How'd you like pulling those tans on that trailer?? How far did you have to go?
I hear its HE!! Sometimes!


----------



## Antlerart06 (Feb 28, 2011)

No one around here offers that treatment I like to be the first in my area Some customers are asking for that service already
I have old Fertilizer tanks I can use I look at the State Hwy setup they bought looks to be easy to make
Only thing I see need buy is fittings pipe hose and a bigger pump and a truck tank


----------



## ndnchief (Feb 7, 2011)

The tanks are harder to put on trailer than to take off trailer, you only need a few people to help, once on the ground they slide pretty good, need to make sure floor is clean of all pebbles or anything that may harm tank ...I only had to drive about 25 miles to get tanks, we have a distributor close thank goodness,


----------



## ndnchief (Feb 7, 2011)

The tanks are harder to put on trailer than to take off trailer, you only need a few people to help, once on the ground they slide pretty good, need to make sure floor is clean of all pebbles or anything that may harm tank ...I only had to drive about 25 miles to get tanks, we have a distributor close thank goodness,


Plow man Foster;1439717 said:


> Looks good!
> How'd you like pulling those tans on that trailer?? How far did you have to go?
> I hear its HE!! Sometimes!


----------



## White Gardens (Oct 29, 2008)

Did you have to do anything underneath the floor in order to hold the weight of the tanks?


....


----------



## ndnchief (Feb 7, 2011)

White Gardens;1439781 said:


> Did you have to do anything underneath the floor in order to hold the weight of the tanks?
> 
> ....


When I had the floored poured 8 years ago it was put in 6 inches thick, so I hope its fine...that area used to be used to store pallets of salt 4 high sometimes with a total of about 36 pallets in that area and I never had problems, I never really considered the weight before now


----------



## Plow man Foster (Dec 10, 2010)

Antlerart06;1439727 said:


> No one around here offers that treatment I like to be the first in my area Some customers are asking for that service already
> I have old Fertilizer tanks I can use I look at the State Hwy setup they bought looks to be easy to make
> Only thing I see need buy is fittings pipe hose and a bigger pump and a truck tank


Thats what we realized after our first sprayer.... We Bought it from a local guy so he gave us a bit of a discount but it was still lik 5k dollars (opposed to 7K) When we made it ourself it came out to be about 3k Not including time..



ndnchief;1439811 said:


> When I had the floored poured 8 years ago it was put in 6 inches thick, so I hope its fine...that area used to be used to store pallets of salt 4 high sometimes with a total of about 36 pallets in that area and I never had problems, I never really considered the weight before now


I never had a problem with my floor!

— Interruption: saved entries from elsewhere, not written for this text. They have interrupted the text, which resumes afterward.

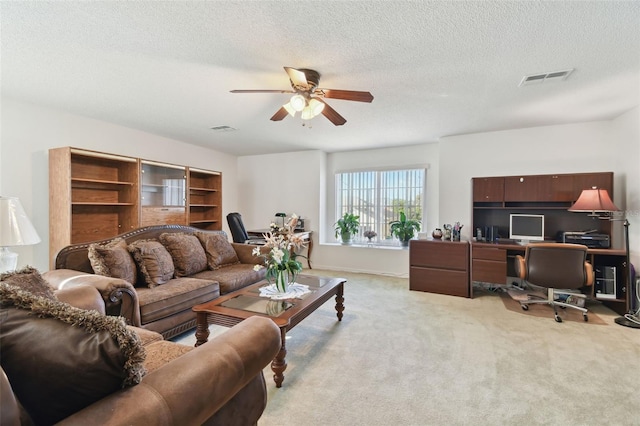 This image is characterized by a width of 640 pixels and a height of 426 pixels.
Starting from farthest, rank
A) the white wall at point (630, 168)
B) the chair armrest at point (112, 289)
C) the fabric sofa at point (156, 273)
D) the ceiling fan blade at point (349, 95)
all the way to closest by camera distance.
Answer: the white wall at point (630, 168)
the ceiling fan blade at point (349, 95)
the fabric sofa at point (156, 273)
the chair armrest at point (112, 289)

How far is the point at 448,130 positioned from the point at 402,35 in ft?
8.70

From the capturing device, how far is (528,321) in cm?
304

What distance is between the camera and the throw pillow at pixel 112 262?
2.45 metres

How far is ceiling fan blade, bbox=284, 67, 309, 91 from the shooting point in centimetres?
208

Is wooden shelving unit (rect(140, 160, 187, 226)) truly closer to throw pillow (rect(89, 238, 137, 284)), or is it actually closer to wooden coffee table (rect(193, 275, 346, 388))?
throw pillow (rect(89, 238, 137, 284))

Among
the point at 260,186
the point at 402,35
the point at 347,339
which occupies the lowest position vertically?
the point at 347,339

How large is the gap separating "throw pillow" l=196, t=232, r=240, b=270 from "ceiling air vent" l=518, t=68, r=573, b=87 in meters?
3.66

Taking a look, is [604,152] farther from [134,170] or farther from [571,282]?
[134,170]

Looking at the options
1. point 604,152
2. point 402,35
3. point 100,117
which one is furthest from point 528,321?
point 100,117

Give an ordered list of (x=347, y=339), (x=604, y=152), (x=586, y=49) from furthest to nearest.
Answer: (x=604, y=152) → (x=347, y=339) → (x=586, y=49)

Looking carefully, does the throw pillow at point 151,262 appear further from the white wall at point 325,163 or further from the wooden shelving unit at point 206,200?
the wooden shelving unit at point 206,200

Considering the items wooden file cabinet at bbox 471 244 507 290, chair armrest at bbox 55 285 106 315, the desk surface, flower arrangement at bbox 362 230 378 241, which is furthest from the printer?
chair armrest at bbox 55 285 106 315

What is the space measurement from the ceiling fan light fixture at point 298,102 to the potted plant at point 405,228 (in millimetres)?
3259

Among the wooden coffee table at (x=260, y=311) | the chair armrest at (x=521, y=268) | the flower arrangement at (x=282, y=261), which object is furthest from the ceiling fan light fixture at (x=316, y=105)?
the chair armrest at (x=521, y=268) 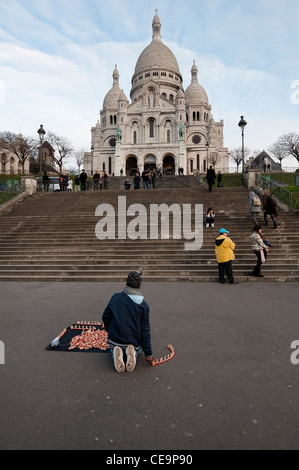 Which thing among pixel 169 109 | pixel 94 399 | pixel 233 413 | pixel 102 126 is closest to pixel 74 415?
pixel 94 399

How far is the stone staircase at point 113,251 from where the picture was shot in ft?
27.7

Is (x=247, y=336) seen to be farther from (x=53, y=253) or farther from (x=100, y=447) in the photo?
(x=53, y=253)

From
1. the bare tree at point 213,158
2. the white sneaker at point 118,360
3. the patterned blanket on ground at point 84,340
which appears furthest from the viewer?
the bare tree at point 213,158

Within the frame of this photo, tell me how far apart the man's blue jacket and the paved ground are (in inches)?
14.6

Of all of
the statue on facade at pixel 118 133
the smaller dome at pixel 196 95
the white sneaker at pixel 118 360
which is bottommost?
the white sneaker at pixel 118 360

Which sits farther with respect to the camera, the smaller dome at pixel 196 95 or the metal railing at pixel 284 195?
the smaller dome at pixel 196 95

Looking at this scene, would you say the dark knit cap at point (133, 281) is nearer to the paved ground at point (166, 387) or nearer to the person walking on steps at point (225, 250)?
the paved ground at point (166, 387)

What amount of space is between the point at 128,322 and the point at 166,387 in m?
0.81

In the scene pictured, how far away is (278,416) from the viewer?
2.54m

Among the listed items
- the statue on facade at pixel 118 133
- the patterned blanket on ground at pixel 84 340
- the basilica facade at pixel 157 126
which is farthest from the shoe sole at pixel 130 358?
the statue on facade at pixel 118 133

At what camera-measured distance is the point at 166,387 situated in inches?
118

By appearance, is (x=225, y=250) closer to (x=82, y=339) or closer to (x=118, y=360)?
(x=82, y=339)

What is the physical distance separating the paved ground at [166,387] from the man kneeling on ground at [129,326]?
19cm

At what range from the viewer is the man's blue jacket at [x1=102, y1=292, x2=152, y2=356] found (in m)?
3.32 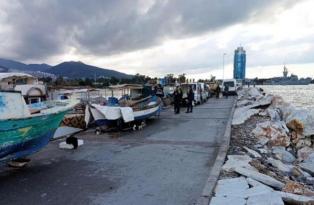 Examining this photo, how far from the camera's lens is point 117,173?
7.66m

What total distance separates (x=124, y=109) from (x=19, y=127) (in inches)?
284

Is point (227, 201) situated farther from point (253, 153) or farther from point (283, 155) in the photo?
point (283, 155)

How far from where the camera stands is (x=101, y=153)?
9.92m

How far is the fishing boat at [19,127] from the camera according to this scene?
701cm

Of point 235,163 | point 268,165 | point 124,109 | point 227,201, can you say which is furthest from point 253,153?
point 124,109

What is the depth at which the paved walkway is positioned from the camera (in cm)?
609

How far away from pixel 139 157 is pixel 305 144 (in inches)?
351

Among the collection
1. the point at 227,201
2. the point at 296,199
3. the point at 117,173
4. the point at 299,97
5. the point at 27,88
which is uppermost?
the point at 27,88

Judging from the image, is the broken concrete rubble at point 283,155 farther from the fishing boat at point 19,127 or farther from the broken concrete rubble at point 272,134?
the fishing boat at point 19,127

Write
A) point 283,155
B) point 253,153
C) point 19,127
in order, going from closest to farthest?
point 19,127 → point 253,153 → point 283,155

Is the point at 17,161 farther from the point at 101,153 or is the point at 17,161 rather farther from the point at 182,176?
the point at 182,176

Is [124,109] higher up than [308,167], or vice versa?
[124,109]

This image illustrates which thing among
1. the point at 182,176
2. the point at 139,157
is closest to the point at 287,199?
the point at 182,176

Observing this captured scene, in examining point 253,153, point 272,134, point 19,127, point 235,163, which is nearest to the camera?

But its good to think about especially since those tanks will weigh close to 30,000 when full!



ndnchief;1439780 said:


> The tanks are harder to put on trailer than to take off trailer, you only need a few people to help, once on the ground they slide pretty good, need to make sure floor is clean of all pebbles or anything that may harm tank ...I only had to drive about 25 miles to get tanks, we have a distributor close thank goodness,


Glad everything worked out!


----------



## White Gardens (Oct 29, 2008)

ndnchief;1439811 said:


> When I had the floored poured 8 years ago it was put in 6 inches thick, so I hope its fine...that area used to be used to store pallets of salt 4 high sometimes with a total of about 36 pallets in that area and I never had problems, I never really considered the weight before now


I for some reason thought the tanks were upstairs too along with the plumbing. 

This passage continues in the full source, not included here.